Secondo quanto riporta Il Sole 24 Ore, una ragazza di 17 anni, affetta da «disturbo specifico misto di apprendimento», era stata oggetto di atti sessuali da parte dell’insegnante, prima nei locali della scuola, poi fuori dall’istituto.

Rispetto ai contestati atti sessuali «repentini» compiuti dal professore nei confronti della studentessa, per i giudici togati non si configura alcun reato. Per la Cassazione la vittima, avrebbe dovuto esprimere un dissenso. «Dissenso che deve essere ovviamente sussistente – si legge nella sentenza -. L’eventuale consenso, manifestato in un momento immediatamente successivo all’atto sessuale repentino non consente di configurare alcuna condotta costrittiva».

La ragazza, infatti, subito dopo aver subito le avance del suo professore aveva dichiarato di aver provato «sensazioni positive al contatto fisico con l’insegnante».

«Peraltro – sottolinea ancora la Cassazione – anche per escludere la rilevanza penale delle condotte sessuali repentine non è sufficiente il consenso o comunque la mancanza di dissenso, dovendo verificarsi se tale stato psicologico da parte di chi subisce gli atti sessuali sia eventualmente viziato». Nel caso in questione, nonostante la contestata condizione di inferiorità psicologica della ragazza nei confronti del professore, visto anche il deficit cognitivo della giovane, la Cassazione ha affermato che i giudici di merito «giustamente» hanno escluso l’incapacità della ragazza di «determinarsi rispetto ad una scelta».

«Con motivazione niente affatto illogica – spiega la Cassazione – la Corte di appello ha infatti puntualmente richiamato, in proposito, la decisione della giovane di non accompagnare l’insegnante nel bagno proprio in quanto aveva già capito che voleva fare sesso con lei; sicchè ogni ipotesi di vizio del consenso è stata coerentemente esclusa, così come la menzionata condizione di inferiorità, fisica o psichica, della quale l’agente abbia abusato».

“Quanto poi al contestato abuso di autorità dell’insegnante nei confronti del minore-precisa Il Sole 24 Ore-, per i giudici togati «non è dato configurare alcun abuso dei poteri connessi alla posizione di docente.

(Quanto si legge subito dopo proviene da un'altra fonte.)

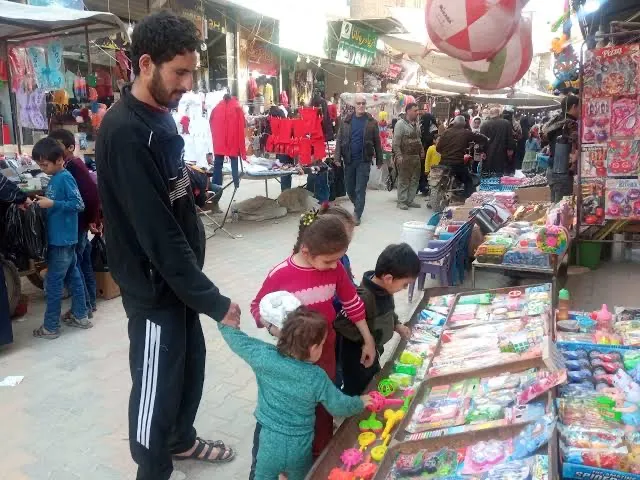 مع اقتراب عيد الفطر… السوريون بين ضغوط المعيشة ومحاولة الحفاظ على فرحة العيد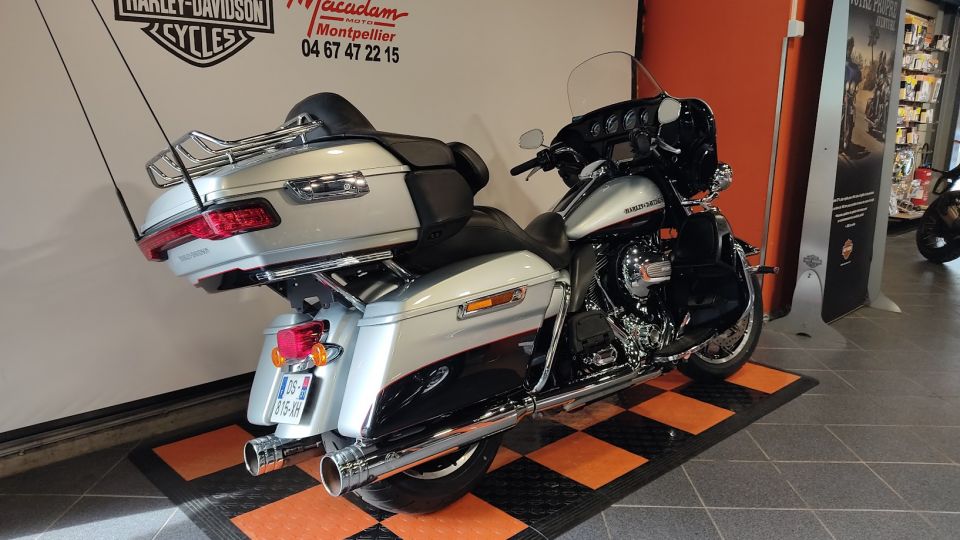 HARLEY-DAVIDSON TOURING ELECTRA GLIDE 1690 ULTRA LIMITED 4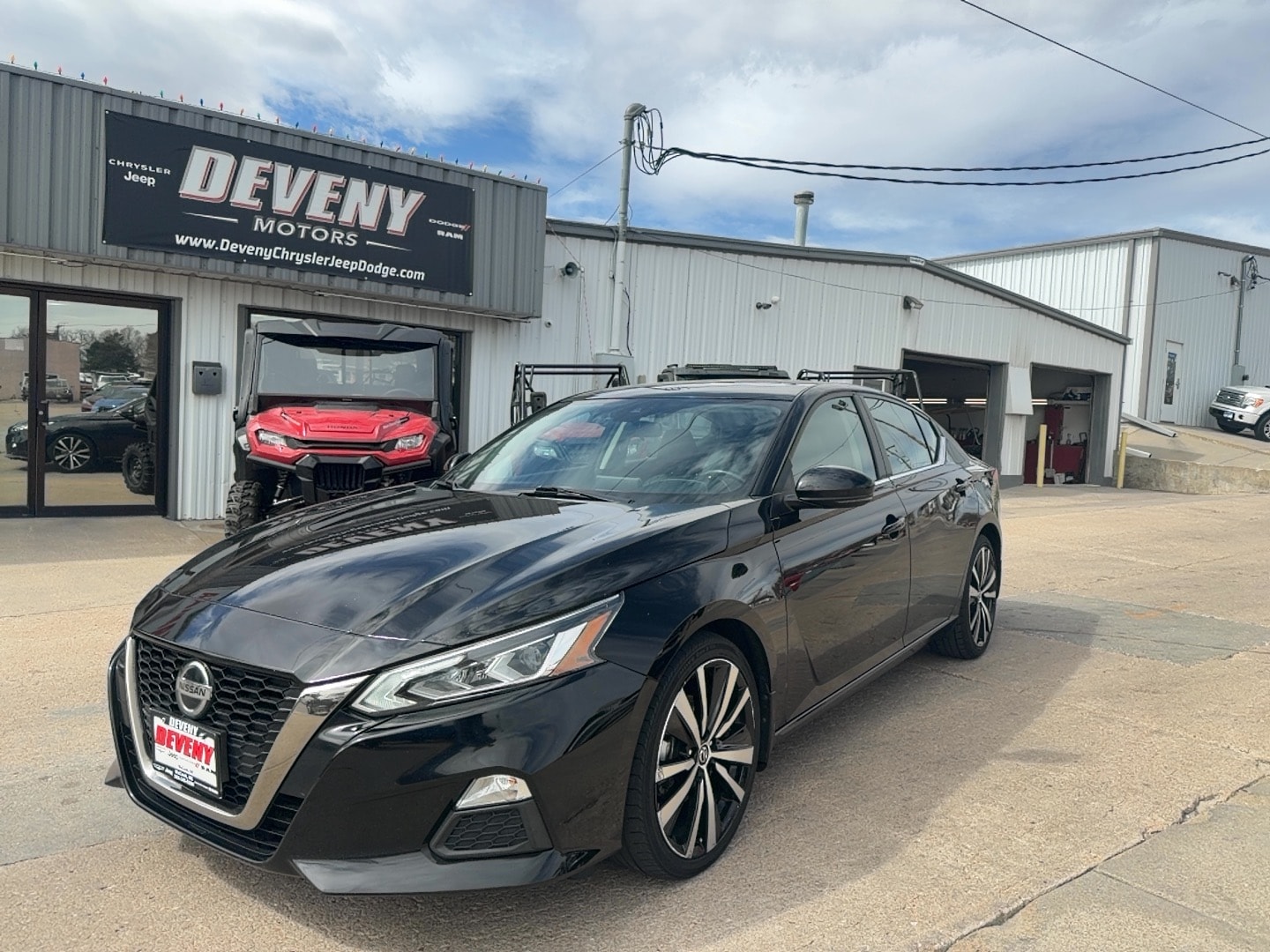 Used 2021 Nissan Altima SR with VIN 1N4BL4CV8MN406606 for sale in McCook, NE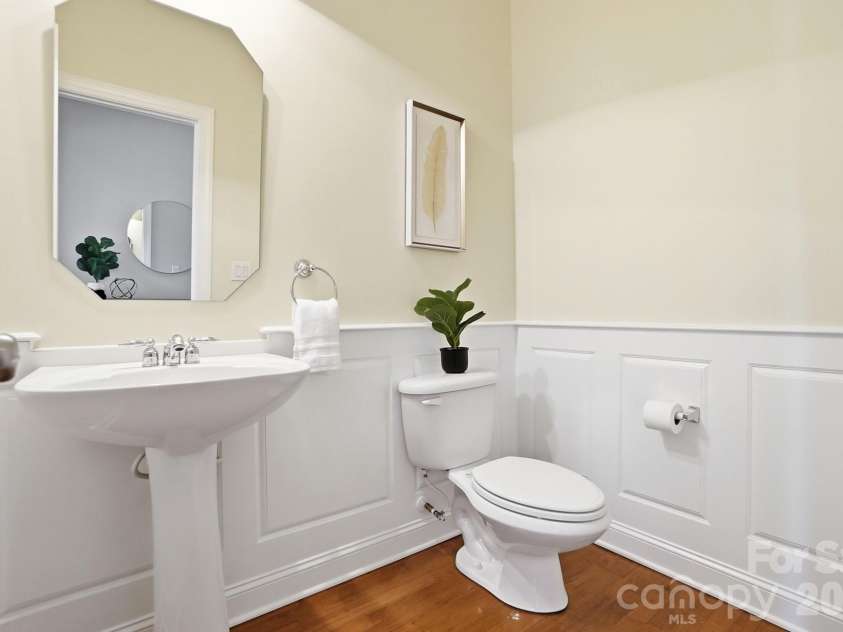 507 Five Leaf Lane, Waxhaw, NC 28173.  MLS# CAR4393433, YatesRealty ID 34986. Main floor 1/2 bath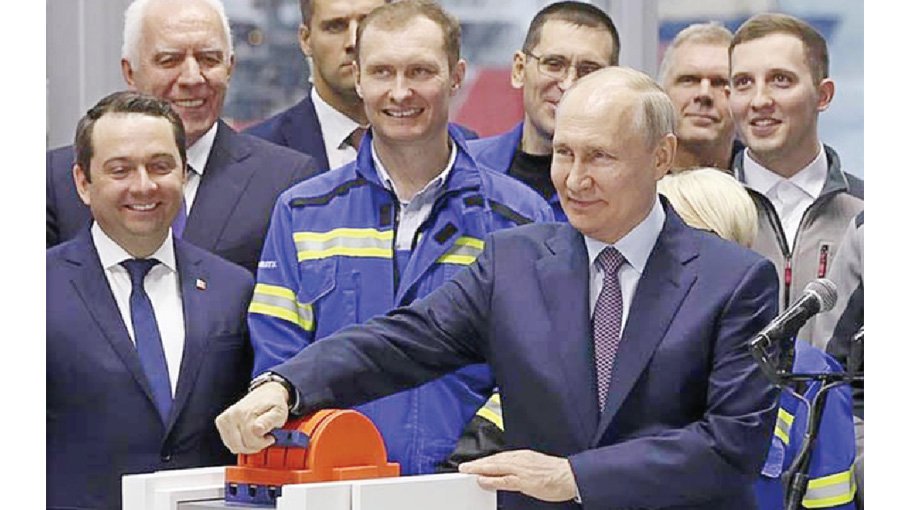 Putin launches major Arctic liquified natural gas project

Infatti gli atti sessuali non ebbero luogo attraverso una qualche forma di esercizio dei poteri derivanti dall’ufficio svolto – si legge nella sentenza – non emergendo affatto, quantomeno alla stregua di quanto riportato dalla sentenza impugnata, che il docente avesse ad esempio costretto la ragazza a trattenersi nei locali contro la sua volontà, che avesse allontanato altri studenti per poter stare solo con lei: in breve che si fosse avvalso di qualunque delle facoltà derivanti dal suo status per commettere le contestate attività sessuali».